Still, there is something to be said for putting up the good fight.
Fall brings to mind lessons like this – lessons of resilience and strength, of going through with the mission of life even when adversity seems poised to win, even when the outcome looks grim or at best uncertain. It’s the nobility in finishing a race you already know you have lost, of closing out a game in which there is no possible way to win. The simple act of seeing something through to completion, no matter what the end may look or feel like.
And, truth be told, one never knows how benign or kind the winter may be. Perhaps Mother Nature has doled out enough pain with all of this summer’s rain. Perhaps she’s battered us enough. We’ve had years where such berries lasted well into December. I remember a holiday stroll in Boston where there were roses still blooming. Part of that felt wrong, but mostly I just embraced the reprieve, pulling them close to my nose and laughing at our luck.
We’ve had an abundance of rain this year, so why should fall be any different? Here is what can happen the day after the water falls: beauty and whimsy and gorgeous enchantment. I don’t often plant impatiens, and in all honesty this little pot of them went largely unnoticed and unwatered on our back patio. Not that water was ever needed (see aforementioned rain situation). The pink catmint flowers seen below also enjoyed a banner year in their typically sunny location, which this year was over-run with, you guessed it, rain. No matter – this is the end result, and it’s pretty enough to almost make up for the weather.
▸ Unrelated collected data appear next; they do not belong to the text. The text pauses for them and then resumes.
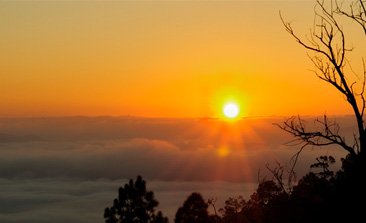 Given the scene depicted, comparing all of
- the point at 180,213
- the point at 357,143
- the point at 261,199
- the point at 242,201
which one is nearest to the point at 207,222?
the point at 180,213

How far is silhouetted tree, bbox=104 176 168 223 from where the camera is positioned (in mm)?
50750

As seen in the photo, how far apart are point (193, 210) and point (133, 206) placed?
25.2ft

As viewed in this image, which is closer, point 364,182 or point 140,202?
point 364,182

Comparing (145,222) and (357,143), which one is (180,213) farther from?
(357,143)

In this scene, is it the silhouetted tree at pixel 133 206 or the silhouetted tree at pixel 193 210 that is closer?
the silhouetted tree at pixel 193 210

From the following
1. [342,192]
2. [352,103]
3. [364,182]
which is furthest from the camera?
[342,192]

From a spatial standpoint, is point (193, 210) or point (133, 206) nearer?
point (193, 210)

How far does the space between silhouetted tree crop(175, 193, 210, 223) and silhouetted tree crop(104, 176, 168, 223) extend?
6277 millimetres

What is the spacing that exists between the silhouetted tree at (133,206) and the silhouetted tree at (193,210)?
247 inches

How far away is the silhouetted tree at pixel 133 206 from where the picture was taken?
167 ft

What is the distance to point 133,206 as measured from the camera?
5097 centimetres

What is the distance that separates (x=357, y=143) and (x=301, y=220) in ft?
29.5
This Japanese hot pot recipe ushers in the official fall soup season. On a recent rainy and gray day I prepared this simple but satisfying meal, which I like to serve with a couple of seven-minute eggs for protein. Fill it with any of the greens you like – I opted for bok choy this time around since that’s what Andy had stocked in the fridge. Kale and spinach work equally as well, though the latter will all but melt into the stock. I prefer the hardier stock of the kale, or the sturdy stems of the bok choy.
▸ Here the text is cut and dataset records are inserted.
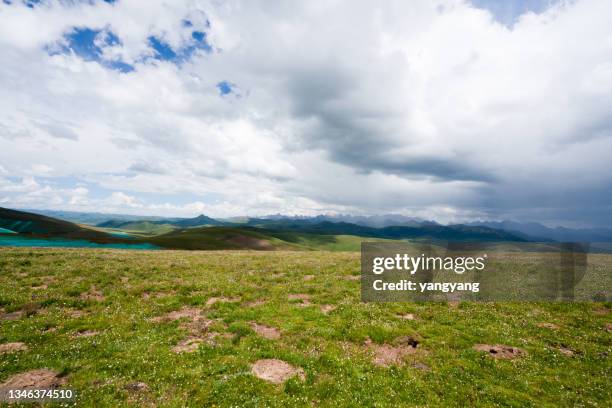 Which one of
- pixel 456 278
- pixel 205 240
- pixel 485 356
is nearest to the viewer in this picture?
pixel 485 356

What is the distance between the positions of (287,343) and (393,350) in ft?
19.3

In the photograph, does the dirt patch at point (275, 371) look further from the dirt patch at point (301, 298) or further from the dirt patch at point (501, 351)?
the dirt patch at point (501, 351)

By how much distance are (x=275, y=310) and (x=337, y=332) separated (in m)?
5.36

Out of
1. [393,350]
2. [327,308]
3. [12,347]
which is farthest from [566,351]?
[12,347]

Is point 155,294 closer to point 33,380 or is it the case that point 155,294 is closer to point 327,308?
point 33,380

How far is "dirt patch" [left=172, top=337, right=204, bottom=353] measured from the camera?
559 inches

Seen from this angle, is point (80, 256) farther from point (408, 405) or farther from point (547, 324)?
point (547, 324)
The mushrooms give it an earthy richness, as done the miso hidden in the stock. A generous helping of sliced daikon gives a bright white half-moon accent to many of the spoonfuls. My favorite part is the skin-on buttercup squash, which I microwave for a few minutes before cutting and dumping into the pot. The skin softens to something edible and fine.
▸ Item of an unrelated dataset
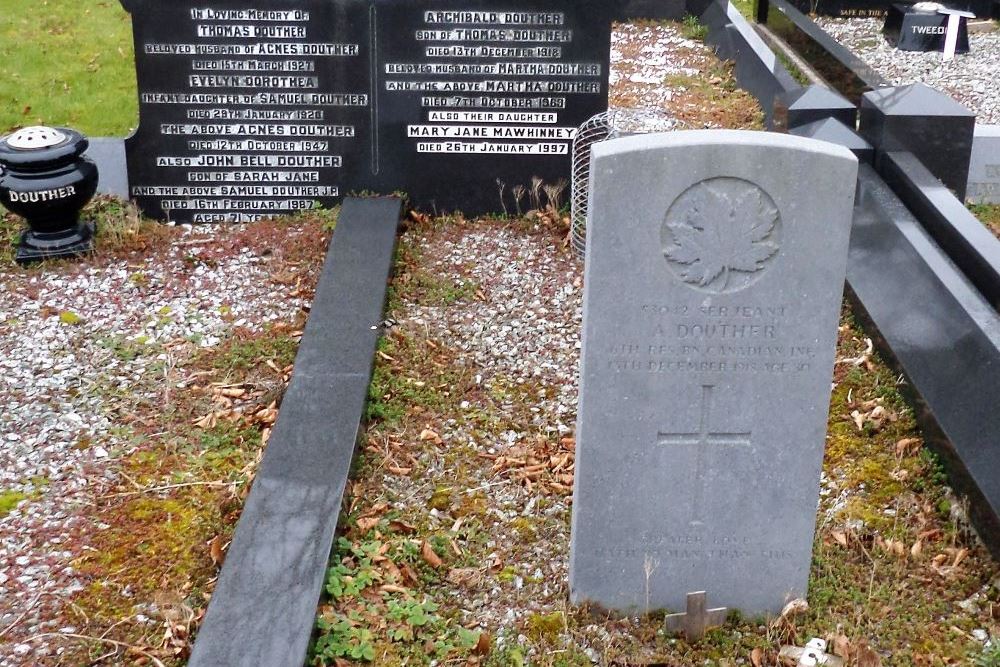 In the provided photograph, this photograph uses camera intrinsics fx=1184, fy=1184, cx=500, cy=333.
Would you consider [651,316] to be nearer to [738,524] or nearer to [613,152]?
[613,152]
Some Pacific seaweed gives it that essence of ocean that I so often desire, and a few teaspoons of mirin round out the flavors at hand. Simple and substantial, this one works on the coldest evenings, and will be a staple seeing us through the winter. I don’t want to think about that yet, so for now let’s just enjoy the sight, scent, and taste of soup on a fall night.
Having recently finished up this year’s Fall Treasure Hunt weekend, I was compelled to take a rare look back at our interactions with the Ilagan twins, so I found these photos of Uncle Andy with Noah and Emi in years gone by. It’s amazing how quickly they are growing up, and how much we are evolving in the process. Just a few short years ago we could throw them easily around in the pool, and they could barely reach the counter-top of the kitchen.
Now they almost look like young adults in comportment and carriage, and I want to go back just a couple of years, not only for their youth but for our younger years. I only indulge in such maudlin sentiments for a brief moment, and then I’ll be back in the mindfulness that focuses most on the present, and all the wonder and joy that can be found in the here and now. The twins represent that passage of time in ways that are bittersweet and contemplative, providing a pause in the relentless tick of the clock.